A subject I've refused to think about too hard, because it's too painful for the inner child I apparently carry within me.
"...In the weeks since Prince’s death, I’ve been falling in love with him all over again, listening to his music daily, listening closely to the words, allowing my three children to listen – to the non-sexual songs, of course – and watching my only daughter, who is right around the age I was when I met him, fall in “like.” She is intrigued with him. I don’t think it’s as intense for her as it was for me. But, I think more than anything, she is using this opportunity to get to know me – to understand why her mom is so impacted by this man she never met.
I have also had the opportunity to reflect on Prince’s impact on little brown girls like me and like her. I am a media scholar and I specifically focus on
media portrayals of African Americans. I have been doing so for more than two decades, but when I met Prince, I was clueless. I had no idea of the subliminal message his choice of women had on me."
Prince and Beyonce
I'd love to read a light-skinned woman's view of Prince and his choices.
I want to know if Prince's choices led to jealousy from those "more awake" than I was as a young dark-skinned teenage girls.
I think I excused Prince, for years and years, as a "mixed race person" looking for other "mixed race people" when I was girl, though the sting of his never ever being attracted to someone like me - dark skin, plump lips, and wide nose--did hurt me.
But it isn't like Prince was unique in this. (another excuse for him even now)
And, I felt the the sting of Prince's light girl choices again immediately after his death.
A black man wrote an article on how Prince considered himself "black" and not "bi-racial" The author of the piece, unwittingly, blew my teenage excuse for Prince right out of the water.
"He LOVED HIS BLACKNESS
the article says.
I didn't want to think about how Prince loved "his blackness -- and yours" for so long as you were not a black woman as dark as me.
All shades of black men could be near Prince on and off stage. But women? There was a paperbag test to be passed, and an extra pale paperbag too.
|Prince and Misty Copeland|
I think the author captured my feelings perfectly -- hurt, disappointment, and set me wondering about the DEEP lack of self esteem I experienced in my past.
I don't know that I EVER actually wished to be paler (once I passed 5 or 6 years of age). But I absolutely wished to be treated like I was beautiful, like light skinned girls were.

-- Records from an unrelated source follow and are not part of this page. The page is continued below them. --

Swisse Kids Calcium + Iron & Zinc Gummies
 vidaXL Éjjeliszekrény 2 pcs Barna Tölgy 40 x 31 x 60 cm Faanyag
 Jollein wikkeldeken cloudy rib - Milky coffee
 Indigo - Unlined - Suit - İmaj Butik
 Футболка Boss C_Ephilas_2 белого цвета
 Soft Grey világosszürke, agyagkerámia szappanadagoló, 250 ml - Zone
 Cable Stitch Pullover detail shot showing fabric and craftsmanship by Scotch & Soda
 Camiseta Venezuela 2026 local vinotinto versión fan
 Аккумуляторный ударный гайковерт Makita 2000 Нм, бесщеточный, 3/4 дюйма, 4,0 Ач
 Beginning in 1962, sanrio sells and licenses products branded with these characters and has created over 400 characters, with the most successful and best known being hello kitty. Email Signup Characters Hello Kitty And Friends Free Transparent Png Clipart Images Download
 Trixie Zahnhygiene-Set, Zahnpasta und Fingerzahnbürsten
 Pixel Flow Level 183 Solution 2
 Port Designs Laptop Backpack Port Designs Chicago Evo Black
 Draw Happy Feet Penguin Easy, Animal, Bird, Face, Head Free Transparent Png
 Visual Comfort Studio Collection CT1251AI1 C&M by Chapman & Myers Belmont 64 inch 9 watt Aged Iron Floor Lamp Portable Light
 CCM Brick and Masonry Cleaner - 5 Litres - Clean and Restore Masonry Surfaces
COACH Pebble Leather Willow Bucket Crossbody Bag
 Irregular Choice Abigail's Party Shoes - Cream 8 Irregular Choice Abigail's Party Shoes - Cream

In the back of my mind I'll bet I wished for the beautiful, worthwhile treatment from black boys every single day from 12 to 22, when I left college. And Prince had a piece of that. Even if it was only a sliver of a piece, it was a sliver too many for someone who supposedly thought so far outside the box and was supposedly all the way pro-black.
Prince had his problematic side. I acknowledge that every black star that was raised inside white supremacy has some sort of problematic side. And if you can think of a black someone you think of as race woman perfection or as race man perfection, then their flaw simply hasn't been exposed yet.
But I'd like to know the thoughts and feelings of others now.
I know light women have to deal with jealousy from dark women because black men choose their paleness for its own sake so often.
Accusations like "You think you're better than us" are hurled at light women even before boys, when they are still small children. Parents and aunts can prefer light-skinned children as "beautiful" with "good hair" too. (I believe Oprah has told this story more than once)
So I'd like to know if Prince's choices of Vanity, Appalonia, Sheila E, then Beyonce and Misty led to light skinned women resenting Prince, for adding fuel to the jealous dark-skinned fire
if Prince's choices simply made them more secure and confident, being closer to European standards of beauty. I think that's what I mostly saw at college, joy and feigned ignorance of superior social position among black men based on paleness. I think so? I was a nerd anyway. But I think I lived out aspects of "School Daze." I think I saw Prince style colorism affect non-nerd, dark-skinned black girls. (Isn't it ironic that Spike Lee married what looks like a "Wanna Be?")
So, I wonder if light-skinned women mostly decided not-to-see Prince repeatedly identify pale as "beautiful" back when they were children. If light women did see Prince's choices of pale girls as negative, did they assume that his choices only had "negative" impact on darker girls-become-women. That is, I wonder if light-skinned women are rethinking Prince just like some of us dark women at are....or at least trying not to rethink Prince because it's too painful to realize he loved all blackness --except dark-skinned women (maybe)
I keep hoping a dark-skinned woman that was secretly married to Prince for 20 years will come out of the wood work and redeem Prince.
Maybe I'll just pretend I never heard or saw anything that indicated that Prince thought of himself as all-the-way-black. I preferred him in the bi-racial zone choosing bi-racial women like himself.